Ruth Merz-Kälin zeigt ihre Bildteppiche im Treppenhaus des Textilmuseums
St. Gallen. Die Farbenpracht sticht bei den Bildteppichen als Erstes ins Auge. Eine Auswahl der Werke von Ruth Merz-Kälin ist nun im Textilmuseum zu sehen.
Unbekümmert und ohne Rücksicht auf die Farbenlehre mischt Ruth Merz-Kälin die Farben wild durcheinander. Die zum Teil ungewöhnlichen Farbkombinationen sind für die Künstlerin Ausdruck der Dissonanzen, die Teil des Lebens seien. Ungewöhnlich sind auch die Titel, die sie für ihre Werke wählt.

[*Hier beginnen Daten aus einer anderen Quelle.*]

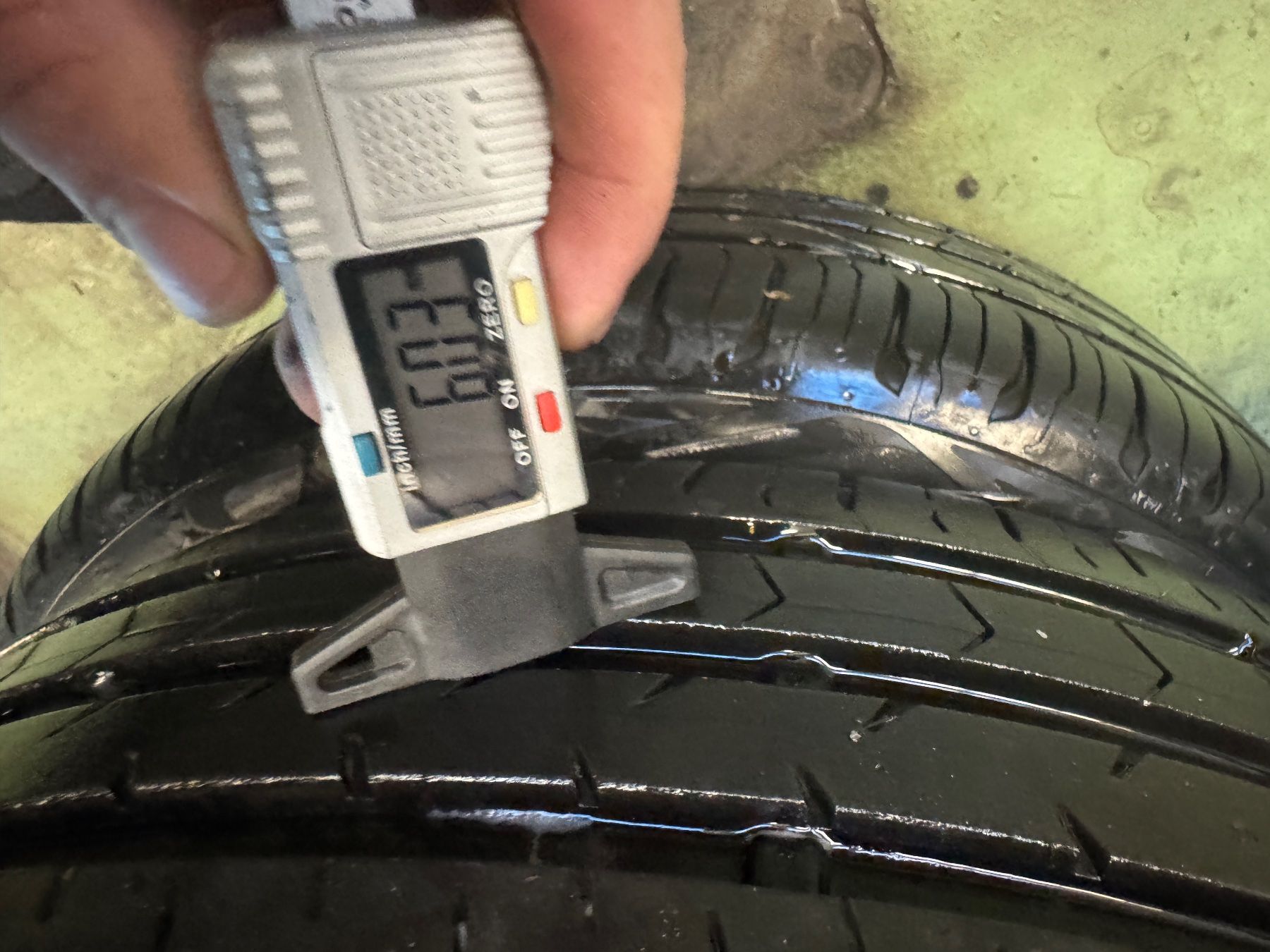 Continental Pneus & Roues: 185/60R15 – D'occasion à Widen par Dinero02 5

Vielleicht sollte man besser sagen, überraschend. Von einer älteren Dame, deren Leidenschaft seit dreissig Jahren dem Sticken gilt, würde man nicht erwarten, dass sie die Früchte ihrer Arbeit mit «Kernenergie», «Dargebotene Hand» oder «Gedopt» betitelt. Sticken und Aktualität, das scheint irgendwie nicht zusammenzupassen. Doch die 72-jährige Künstlerin belehrt einen eines Besseren. Sie ist ein wacher, vielseitig interessierter Mensch und setzt sich in ihren Bildteppichen mit der bunten Vielfalt des Lebens auseinander. Politik interessiert sie ebenso wie spirituelle Fragen.
Zeitintensive Kunst
Den Titel eines Bildteppichs legt sie jeweils fest, bevor sie die Nadel überhaupt zur Hand nimmt. Er bildet den Ausgangs- und Bezugspunkt der künstlerischen Auseinandersetzung. Die damit verbundenen Assoziationen lässt sie intuitiv in ihr Sticken einfliessen. Zahlreiche bunte Einzelflächen vereinen sich dabei zu überwiegend abstrakten Bildkompositionen. Hat Ruth Merz-Kälin erst einmal eine neue Stickarbeit begonnen, arbeitet sie fieberhaft daran und kann es kaum erwarten, das Angefangene zu Ende zu bringen. Dabei können für einen grösseren Bildteppich leicht bis zu 500 Stunden zusammenkommen.
Wohin mit 130 Werken?
Die im Kanton Schwyz aufgewachsene, und heute in Wädenswil wohnhafte Künstlerin hat, bedingt durch die berufliche Beschäftigung ihres Mannes, mehrere Jahre im Ausland gelebt. Dabei kam sie mit Kunst verschiedener Kulturen in Kontakt, die eine weitere Inspirationsquelle für ihre Stickkunst darstellen. Ihr Lebenswerk, 130 Bildteppiche, die sie in jahrzehntelanger Arbeit geschaffen hat, findet in einem einzigen Zimmer Platz. Das grösste Anliegen der gesundheitlich angeschlagenen Künstlerin ist, für ihre Werke eine endgültige Bleibe zu finden. Man spürt, dass die Bildteppiche für Ruth Merz-Kälin ein bisschen wie ihre Kinder sind.